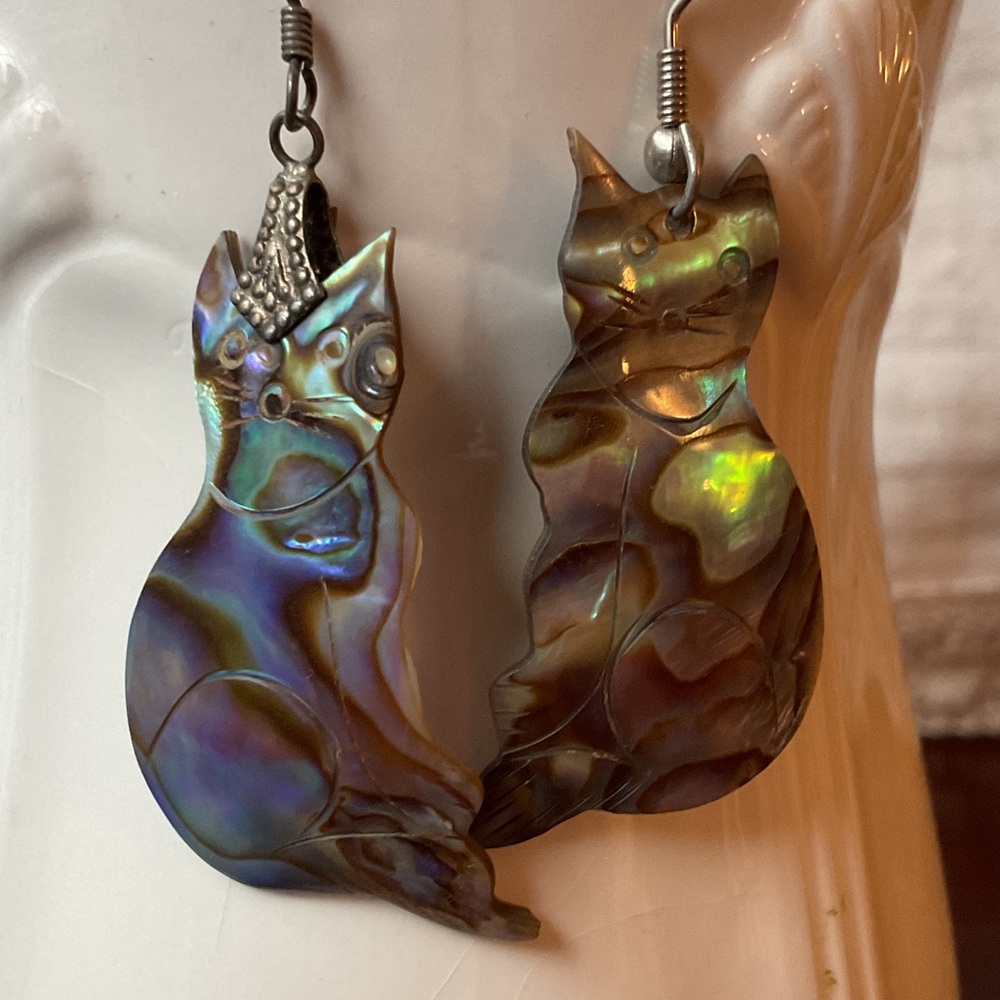 Iridescent Abalone Cat Earrings - Blue Green Purple Sheen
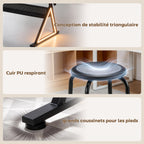 Table à dessin avec tabouret et 2 tiroirs, hauteur réglable, plateau inclinable 0° à 60°, 120 x 60 x 68-92 cm, blanc-6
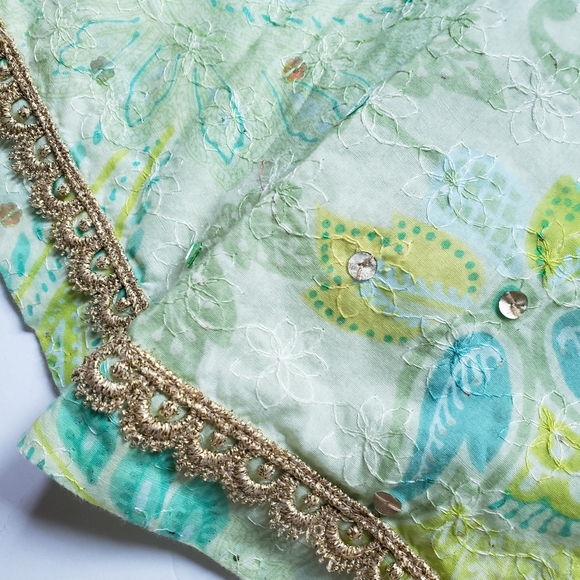 Express Floral Midi Skirt Women's Size 10 Green Flowy Detail - Picture 8 of 11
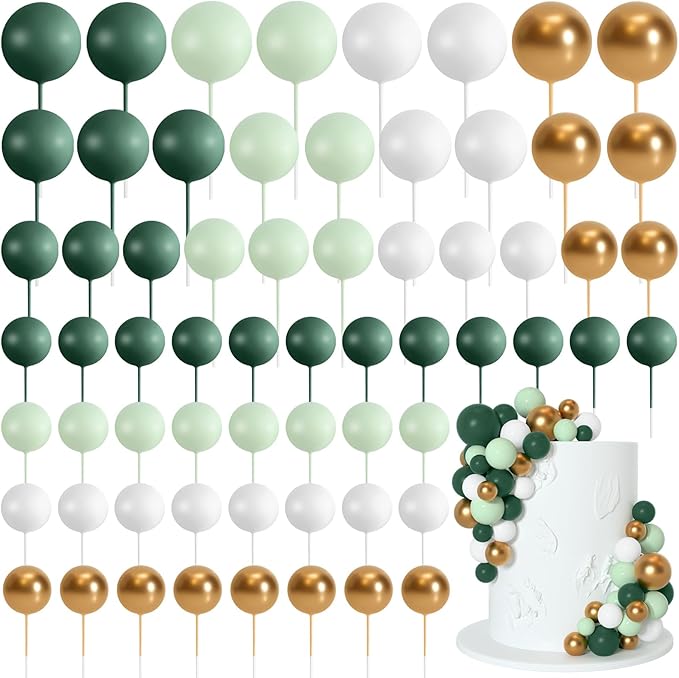75 Pcs Cake Balls Topper Decorations Foam Cupcake Topper Mini Balloon Cake Topper Balls Cake Picks for Cake Deco Birthday Party Wedding（Green,Gold, White）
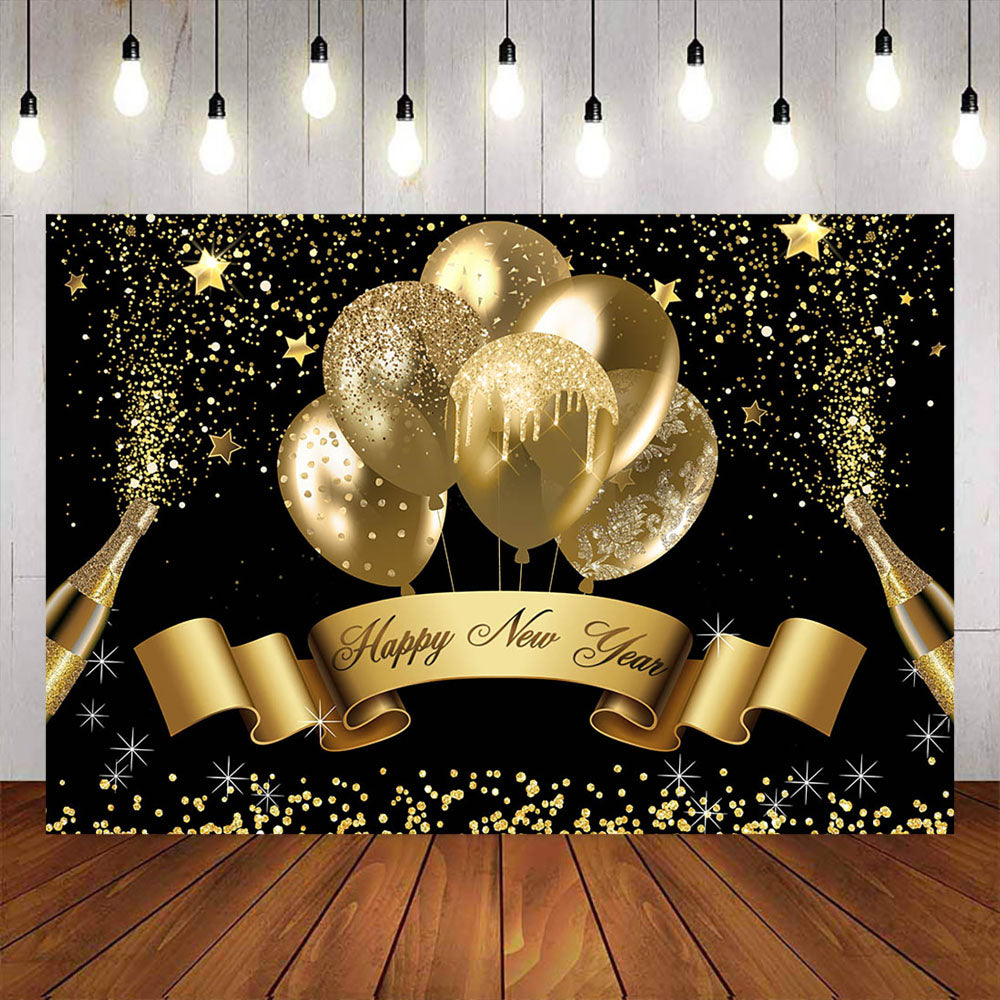 Mocsicka Happy New Year Champagne and Balloon Backdrop-Mocsicka Party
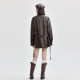 Zandanu leather jacket female retro locomotive wind lapel waistband loose mid -length soft jacket 18374612
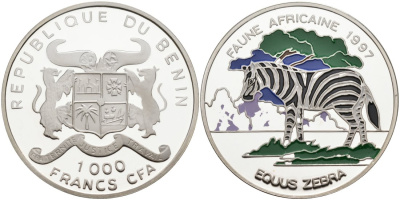 Бенин 1000 франков 1997 Африканская фауна, зебра, цветная эмаль KM 43 серебро PROOF 01-076-41
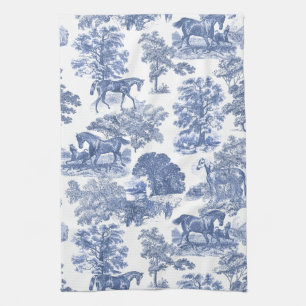 Elegant Blauw Wit Rustiek Paarden Toile Theedoek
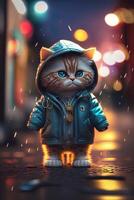 toy cute cat in clothes jacket and sneakers on street background with neon lighting, photo
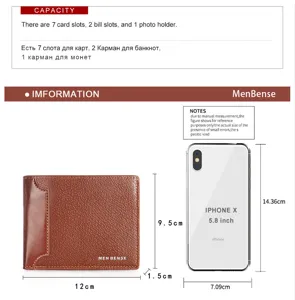 Detailed size and capacity specifications for a brown MenBense men's tri-fold wallet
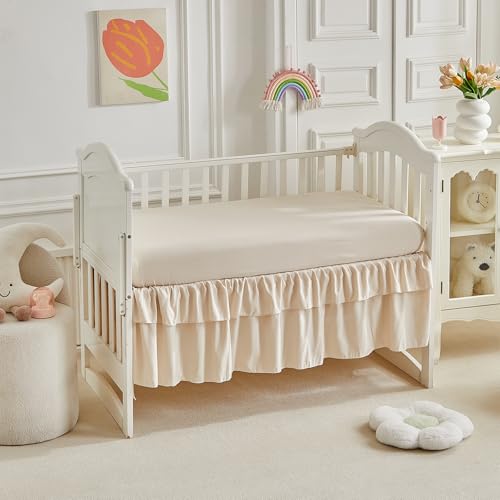 Lace Ruffle Crib Bedding Set 3 Pieces Baby Boho Lace Quilted Comforter with Fitted Sheet and Bed Skirt - Cute Ruffled Shabby Chic Baby Bedding Soft Blanket Design Pink UOZZI BEDDING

• Your instructions
Using the material above, transcribe exactly the lines from the one holding "Express Floral Midi" to the one holding "toy cute cat", both ends kept. Do not carry over any pictures.

• Finished exercise
 Express Floral Midi Skirt Women's Size 10 Green Flowy Detail - Picture 8 of 11
75 Pcs Cake Balls Topper Decorations Foam Cupcake Topper Mini Balloon Cake Topper Balls Cake Picks for Cake Deco Birthday Party Wedding（Green,Gold, White）
 Mocsicka Happy New Year Champagne and Balloon Backdrop-Mocsicka Party
 Zandanu leather jacket female retro locomotive wind lapel waistband loose mid -length soft jacket 18374612
 Бенин 1000 франков 1997 Африканская фауна, зебра, цветная эмаль KM 43 серебро PROOF 01-076-41
 Elegant Blauw Wit Rustiek Paarden Toile Theedoek
 toy cute cat in clothes jacket and sneakers on street background with neon lighting, photo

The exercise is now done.